MATERIAL TO PROCESS:
──────

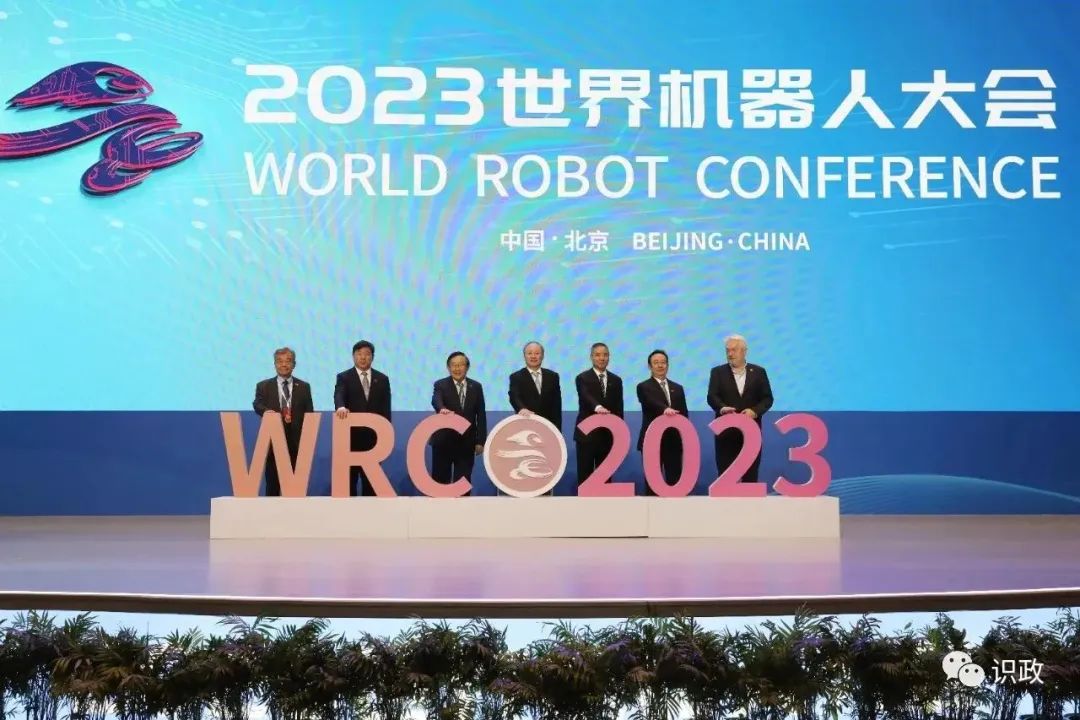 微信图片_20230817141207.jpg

──────

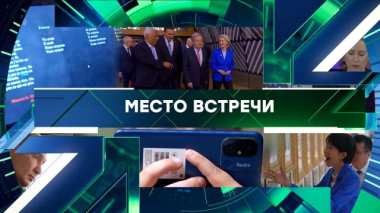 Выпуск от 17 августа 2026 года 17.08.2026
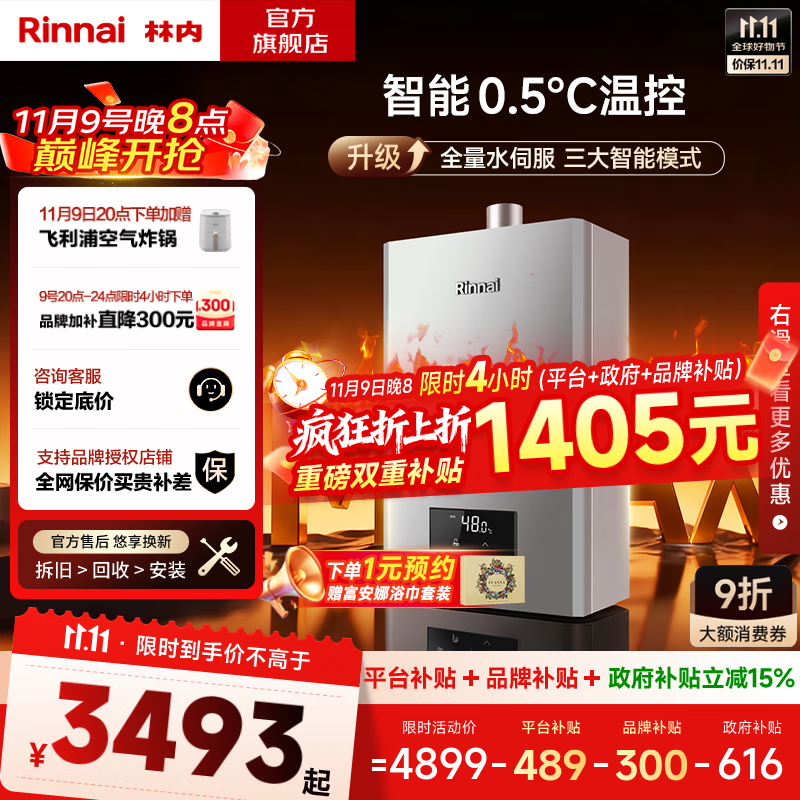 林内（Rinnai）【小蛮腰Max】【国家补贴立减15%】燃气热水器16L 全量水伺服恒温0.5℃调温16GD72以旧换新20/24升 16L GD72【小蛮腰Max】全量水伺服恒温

──────

WHAT YOU SHOULD DO: Look above for the line with "Выпуск от 17 августа 2026 года 17.08.2026" and the line with "全量水伺服恒温0.5℃调温16GD72以旧换新20/24升 16L GD72【小蛮腰Max】全量水伺服恒温". Copy them and every line between, exactly, but no pictures.

EXPECTED OUTPUT:
 Выпуск от 17 августа 2026 года 17.08.2026
 林内（Rinnai）【小蛮腰Max】【国家补贴立减15%】燃气热水器16L 全量水伺服恒温0.5℃调温16GD72以旧换新20/24升 16L GD72【小蛮腰Max】全量水伺服恒温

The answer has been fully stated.